Exercise
Hunt through the lines below for the string "如果您启用了隐私模式" and copy each one that has it.
*** Opening of Data supplied ***
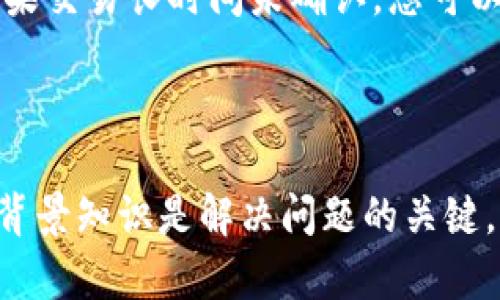   TokenIM观察：如何解决钱包转不出去的问题？ / 

 guanjianci TokenIM, 钱包转移, 加密货币, 数字资产 /guanjianci 

## TokenIM观察：如何解决钱包转不出去的问题？

在加密货币的世界中，TokenIM作为一个广泛使用的钱包工具，提供了用户方便管理和转移数字资产的能力。然而，用户在使用TokenIM时，偶尔会遇到“钱包转不出去”的问题。这种现象可能给用户带来困惑和焦虑，但通过一定的理解和步骤，我们完全可以找到解决的方法。在本文中，我们将详细探讨这个问题的原因、可能的解决方案以及如何防止未来再次出现类似问题。

### 1. TokenIM钱包转不出去的常见原因

首先，让我们先了解一些常见的导致TokenIM钱包无法进行转账的原因：

#### 1.1 网络问题

网络连接是影响交易的一个重要因素。如果您的设备未连接至稳定和可用的网络，例如Wi-Fi或移动数据网络，那么转账请求将无法发送。建议用户在进行重要交易时，确保网络信号良好并且互联网连接稳定。

#### 1.2 余额不足

在进行加密货币转移操作时，用户的TokenIM钱包必须有足够的余额。这不仅包括您想要转移的金额，还需留有足够的资金以支付交易手续费。如果余额不足，则会导致交易失败。

#### 1.3 交易费用设置不当

有些情况下，用户可能设置了低于当前网络市场标准的交易费用。由于以太坊等网络的确认速度变化，交易费过低可能导致交易长时间未确认，甚至被网络拒绝。

#### 1.4 钱包版本过旧

TokenIM及其他加密货币钱包会定期更新，加入新的功能和修复bug。如果您的钱包版本过旧，则可能缺乏进行交易所需的一些新功能或协议支持。确保您的TokenIM更新至最新版本是预防问题的重要步骤。

#### 1.5 隐私设置

在某些情况下，钱包的隐私设置可能影响交易的执行。如果您启用了隐私模式，钱包可能会要求额外的身份验证或确认步骤，可能导致转账延迟或失败。

### 2. 如何解决钱包转不出去的问题？

如果您已经遇到TokenIM钱包转不出去的情况，可以根据以下步骤进行排查和解决：

#### 2.1 确保网络连接稳定

检查您的网络连接。可以尝试重新连接到Wi-Fi或切换到移动数据。确保您的设备没有开启飞行模式，并且可以顺利访问互联网。

#### 2.2 检查余额情况

在TokenIM应用中，检查您的可用余额。确保账户中有足够的资产进行转账，并留有额外的资金用于支付网络手续费。

#### 2.3 调整交易费用

如果您使用的是自定义费用设置，建议将其调整至当前网络的建议范围内。大多数钱包应用提供了一键选择“高”或“快速”手续费选项，以确保交易尽快被确认。

#### 2.4 更新钱包应用

访问应用商城，查看TokenIM是否有更新版本。如果有，请更新到最新版本并重新尝试转账。

#### 2.5 检查隐私设置

如果您启用了隐私模式，尝试临时禁用它或按照应用中的说明进行额外确认，确保交易能够顺利进行。

### 3. 如何预防将来再次发生类似问题？

在解决完当前的问题后，有必要考虑如何避免未来出现类似情况。我们可以采取一些预防措施：

#### 3.1 定期检查余额和费用

养成定期检查钱包余额和交易费用的习惯，确保在进行重要交易前有足够的准备。

#### 3.2 了解最新资讯

加密货币市场变化迅速，建议用户定期关注有关TokenIM及其支持网络的最新消息，以确保不错过重要的更新或变更。

#### 3.3 使用多重验证

如果您的钱包支持两步验证或其他形式的安全验证，建议启用以增强账户安全。

#### 3.4 保持钱包更新

定期更新TokenIM钱包是非常重要的，不仅能获得新功能，也能降低出现安全隐患的风险。

#### 3.5 备份恢复私钥

备份好私钥和助记词，确保在设备丢失或故障的情况下能够迅速恢复访问，同时防止因安全问题导致资产面临风险。

### 4. 常见问题解答

下面我们将探讨五个与“TokenIM观察钱包转不出去”相关的问题，以帮助用户更深入地了解这一主题。

#### 4.1 为什么我的TokenIM钱包总是显示转账失败？

许多用户在使用TokenIM时，可能会遇到转账失败的情况。造成这种现象的原因有很多。首先，最常见的原因是网络问题。如果您的设备在转账时断开了互联网连接，那么交易就无法完成。其次，资金余额不足也是一个常见原因。您需要确保钱包中有足够的资产用于转移，以及支付相关的交易费用。

在使用TokenIM进行交易时也要注意交易费用的设置。如果费用过低，可能会导致交易被网络拒绝，尤其在网络拥堵的时候。因此，建议在进行转账时选用适中的交易费用。最后，钱包版本过旧也是导致转账失败的一个原因。因此请定期更新您的TokenIM应用。

#### 4.2 如何确保我的TokenIM钱包安全？

确保TokenIM钱包安全是每个用户的责任。首先，使用强密码并启用双重验证以防止账户被非法访问。其次，务必保留好私钥和助记词，并将它们存放在安全的地方，以防止丢失或被盗。避免在公共场所及不安全的网络上进行交易，尽量选择熟悉的网络环境。此外，您可以定期检查钱包的交易记录，确保没有异常活动。

#### 4.3 TokenIM是否支持所有加密货币的转账？

TokenIM钱包支持多种加密货币的存储和转账，包括但不限于以太坊（ETH）、比特币（BTC）、ERC-20代币等。然而，由于不同加密货币的网络协议不同，用户在使用TokenIM进行转账时应确保所转移的资产类型在钱包支持的范围内。如果不确定，可以参考TokenIM的官方网站或客服获取最新的支持列表。

#### 4.4 如何联系TokenIM客服？

如果您在使用TokenIM时遇到问题，或者有任何其他疑问，建议通过官方网站上的客服支持页面联系他们。通常，TokenIM会提供多种联系方式，包括邮箱、在线聊天或社交媒体平台。确保提供尽可能详细的问题描述，有助于客服人员更快地为您解决问题。

#### 4.5 转账后的交易进度如何查询？

在TokenIM中，发送交易后，您可以在钱包的“交易记录”或“历史记录”中查看当前交易的状态。一旦交易被确认，您将能够看到交易的详细信息，包括时间戳、交易金额、交易费用等。如果交易长时间未确认，您可以通过交易哈希在区块链浏览器中查询交易状态，以了解交易的最新情况。

### 结论

在使用TokenIM钱包时，遇到转不出去的问题是常见的现象，但通过上述原因分析和解决方案，用户可以有效地处理这些问题。无论是网络问题、余额不足，还是其他技术性原因，了解背景知识是解决问题的关键。此外，保持良好的安全习惯与钱包更新能够最大限度地减少未来问题的发生。无论是新手还是资深玩家，掌握这些知识将有助于在激烈的加密货币市场中安全、顺利地管理数字资产。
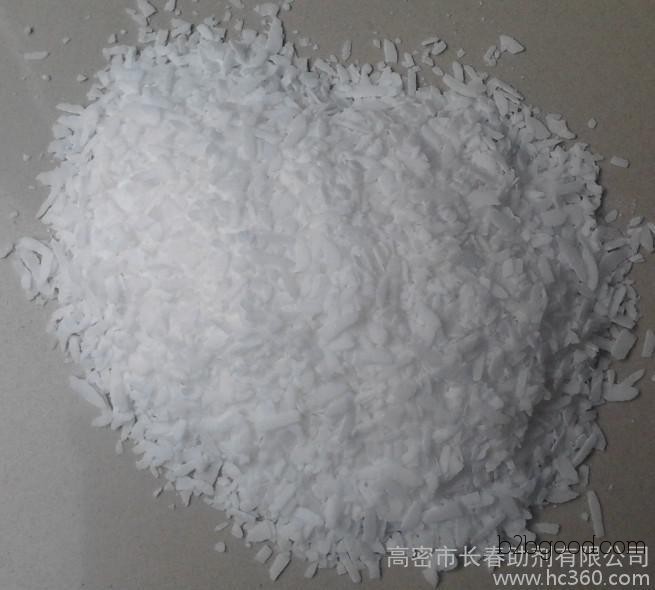 Changchun additives, barium stearate, stearic acid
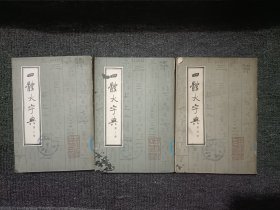 四体大字典（二三四）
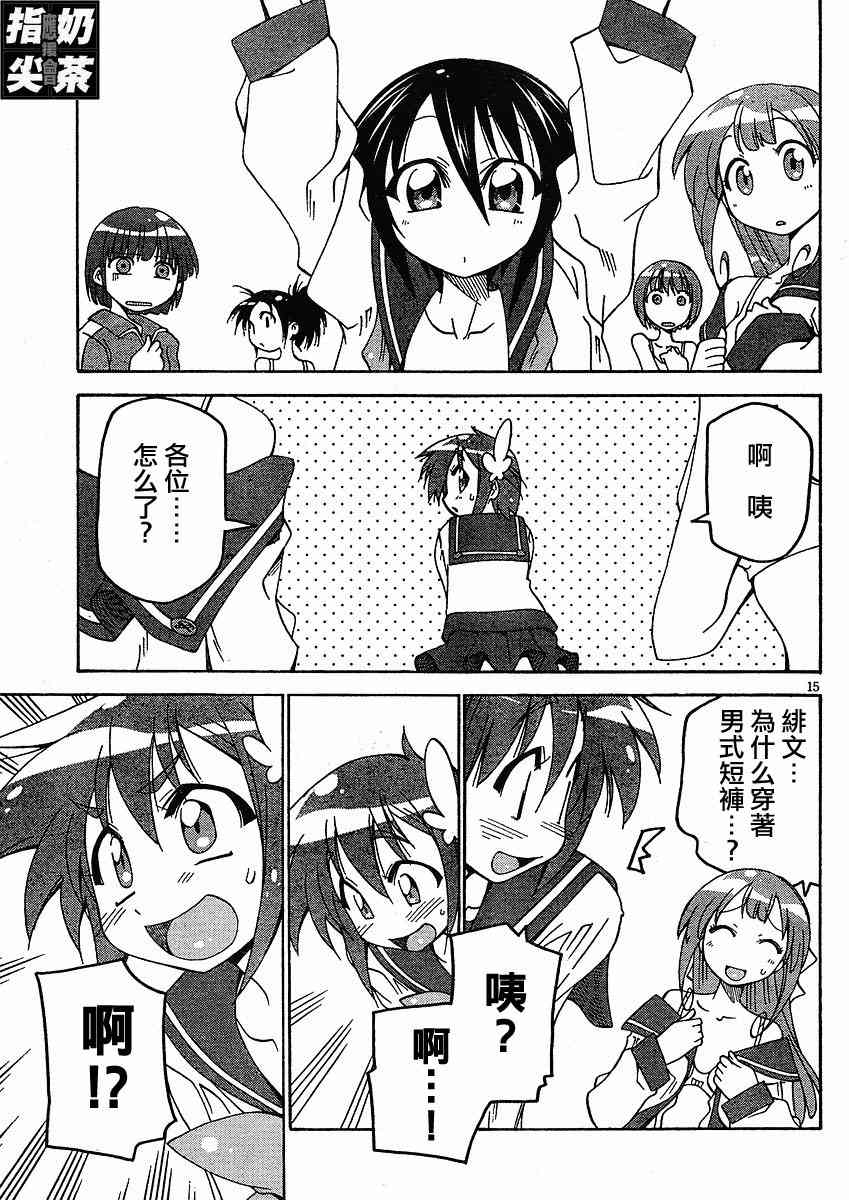 少女彩叶 - CH03 - 第15张图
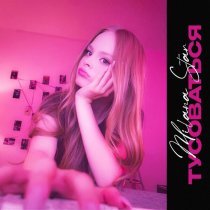 Milana Star - Тусоваться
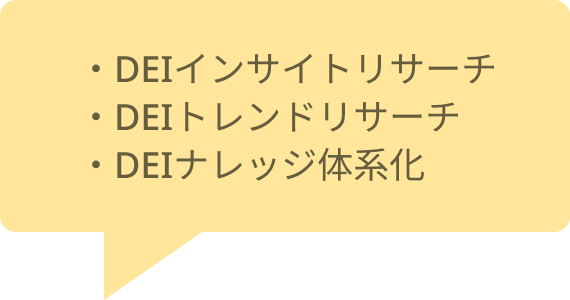 ・DEIインサイトリサーチ・DEIトレンドリサーチ・DEIナレッジ体系化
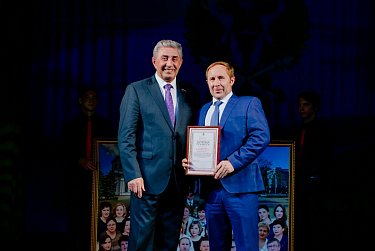 Работа со «Знаком качества»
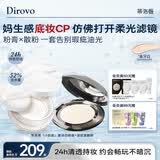 蒂洛薇（DIROVO）【爆款组合】 遮瑕控油不脱妆粉膏防水防汗粉饼 象牙色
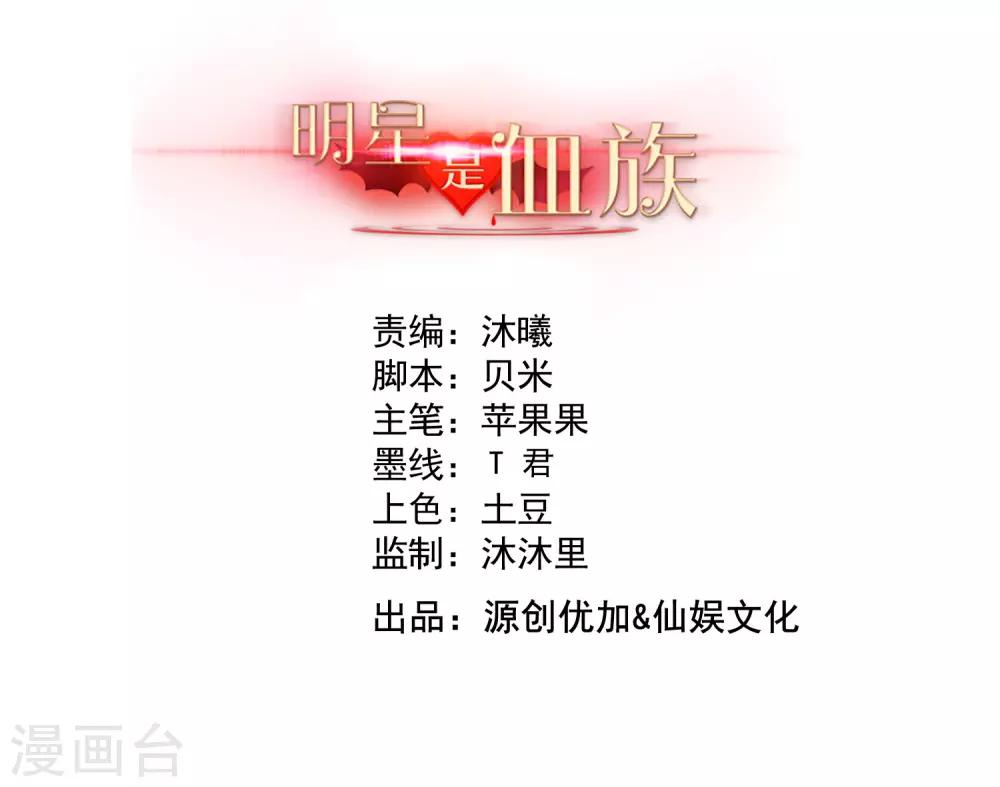 明星是血族 - 第174话 可不可以吸一口 - 2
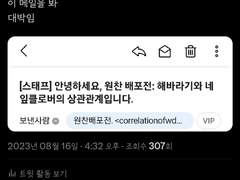 나 원찬 배포전 스탭 됏다. 짱이지.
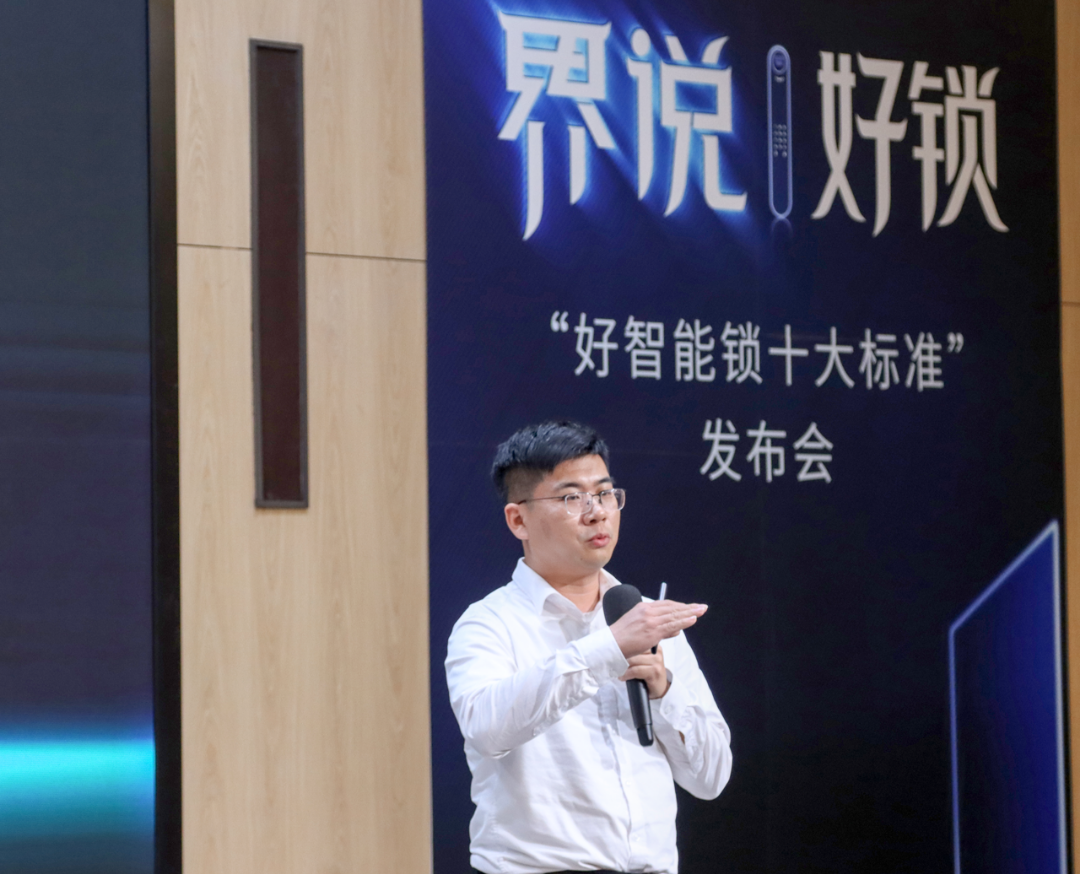 澳门威斯尼斯app官方网站发布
*** Close of Data supplied ***
Answer
在某些情况下，钱包的隐私设置可能影响交易的执行。如果您启用了隐私模式，钱包可能会要求额外的身份验证或确认步骤，可能导致转账延迟或失败。
如果您启用了隐私模式，尝试临时禁用它或按照应用中的说明进行额外确认，确保交易能够顺利进行。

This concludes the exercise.